Before the Dust Settles

When Monica Gonzales and her husband, Dennis, began their property search, they wanted nothing to do with renovation headaches. So they bought a freshly built, crisp, white-painted condominium on the Upper West Side. Yet Monica says a handyman special—or something like it—is what they got after moving in early this year. The brand-new hardwood floors needed redoing, the moldings weren’t aligned, the marble countertop in the kitchen was cracked, and the heat didn’t work. “We had to wear sweaters to sleep,” she says months later, still shocked. What’s more, the lobby was still coated with construction dust, and the elevators, though functioning, were papered over, awaiting paneling. “I didn’t want a fixer-upper, and I ended up in [one],” she laments.

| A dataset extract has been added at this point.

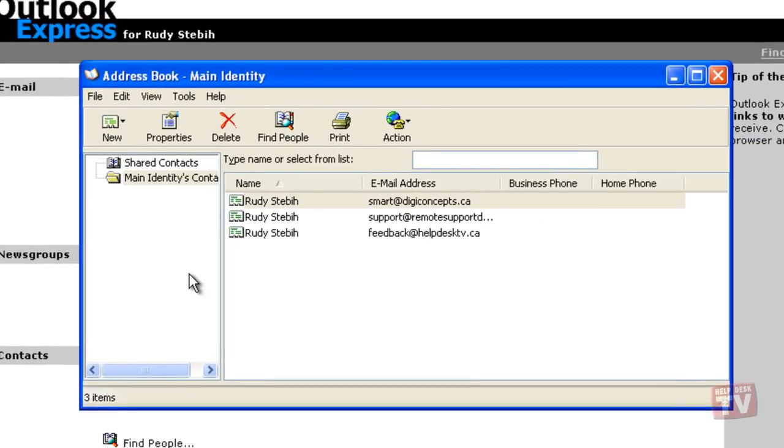To print the information for only one contact, click the contact.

The Gonzalezes aren’t the only ones who’ve suffered through this particular rite of passage. Buyers throughout the city are discovering that picking a new home—whether in a new structure or a gut-renovated one—doesn’t promise problem-free spaces. “It’s the nature of the beast,” says Prudential Douglas Elliman’s Toni Haber. “These are growing pains.” For the most part, brokers say defects are par for the course and that delays are typical, some of them deliberate. “The last thing you want is for movers to destroy your lobby or elevator [when everyone’s coming in],” explains Shaun Osher of Core Group Marketing. But some developers—especially first-timers—have been redefining the word finished, and scheduling move-ins a little earlier in the process than those residents might expect. Media trainer Kayla Schwartz thought her condo in southern Harlem “was going to be well built … because it’s new,” she says. But nine months after moving in, she and many others are locked in a battle with developers over “punch lists”—which detail problems buyers notice during walk-throughs and want addressed—and common-space issues that include buckled floors, falling cabinet doors, unfinished paint jobs, and a security camera that doesn’t appear to have been hooked up.

Dennis Gonzalez, who paid well over a million dollars for his Upper West Side home, insists, “If you want to please a luxury customer, you can’t have these things happen.” Nevertheless, nearly a year after moving in, he says his family is, for the most part, happy with the purchase. Nearly all their complaints have been addressed. “You just need to know what you’re getting into,” he warns. “We lucked out that our developer kept their word. It could’ve gone the other way.”